La Capitaneria di Porto ha subito richiesto l’intervento dei Vigili del Fuoco per la rimozione del cadavere dall’acqua. Successivamente la salma è stata trasportata presso l’obitorio dell’Ospedale Civile “Madonna del Soccorso” dove sarà eseguita l’autopsia da parte del medico legale dottor Claudio Cacaci.

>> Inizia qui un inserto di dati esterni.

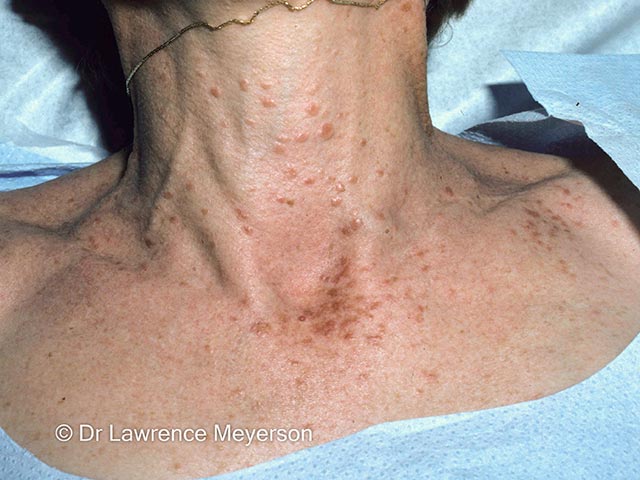 Syringomata on the neck and upper chest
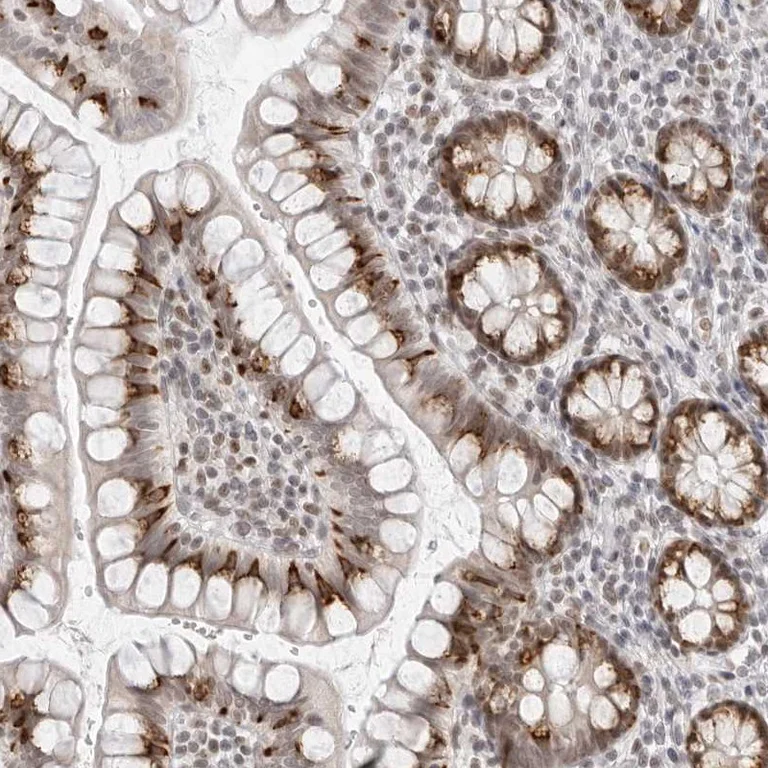 Immunohistochemistry (Formalin/PFA-fixed paraffin-embedded sections) - Anti-FOXK2 Antibody (AB327208)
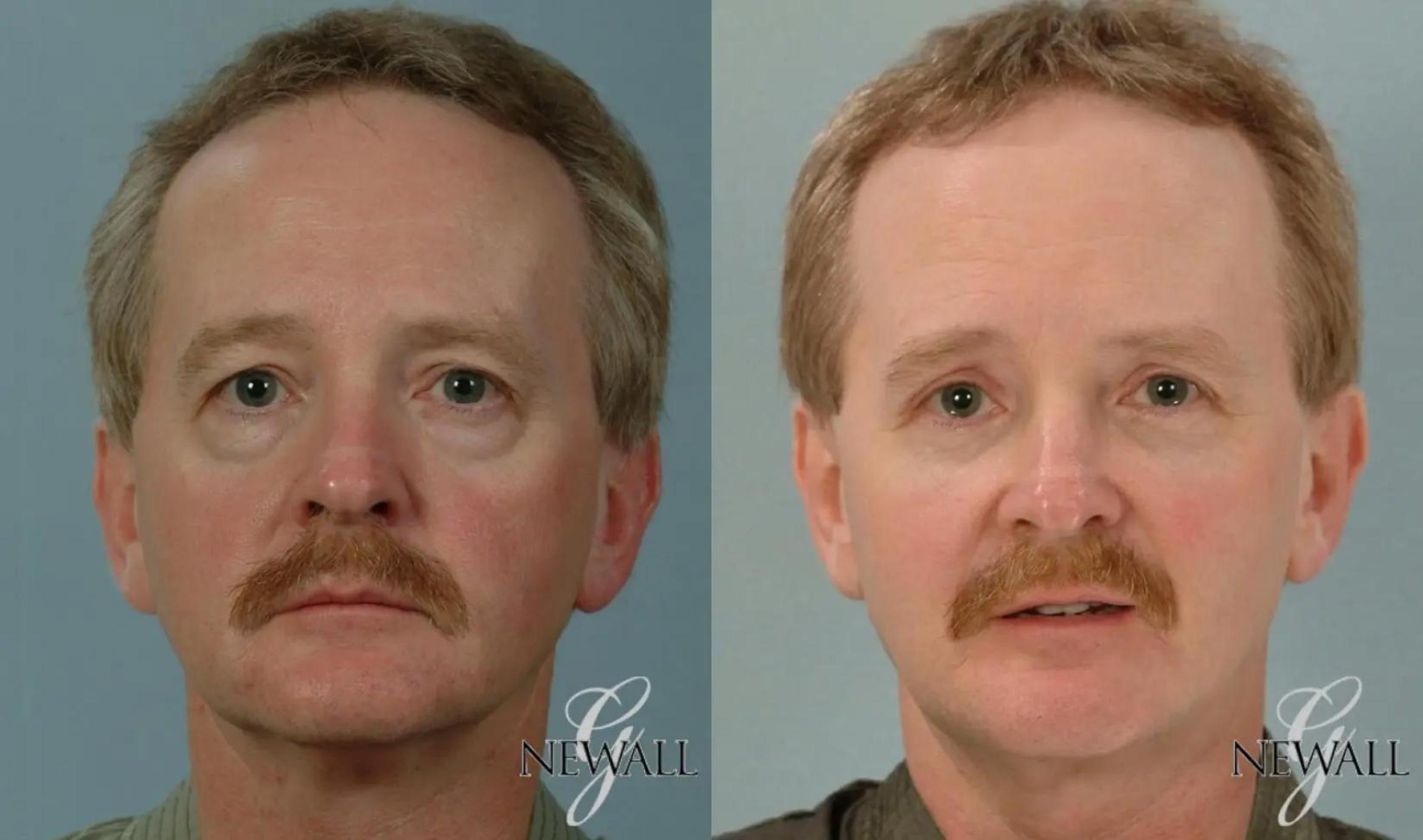 Before & After Facial Fat Grafting For Men Case 17817 View 1 View in Houston, TX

Nel frattempo la Capitaneria ha contattato sia il Commissariato che i Carabinieri per avere notizie di persone dichiarate scomparse. L’unica risposta positiva corrisponde al nome di  Attilio Stipa, residente a San Benedetto, i cui famigliari ne hanno avvertito la mancanza dal 22 agosto e fatto denuncia di scomparsa il giorno dopo 23 agosto 2009.

Attualmente non è dato di sapere se la salma corrisponde alla persona scomparsa, anche se molti indizi lasciano supporre trattarsi della stessa, dato che il corpo è rimasto in acqua per quasi una settimana in un tratto di mare la cui mancanza di movimento e il surriscaldamento dell’acqua non hanno fatto altro che accellerare la decomposizione.

Entro la giornata di oggi giovedi o al massimo domani si conoscerà la vera identità dell’annegato anche perchè, non appena terminata l’autopsia, i parenti di Stipa si recheranno all’obitorio per cercare di riconoscere se il morto corrisponde al loro caro.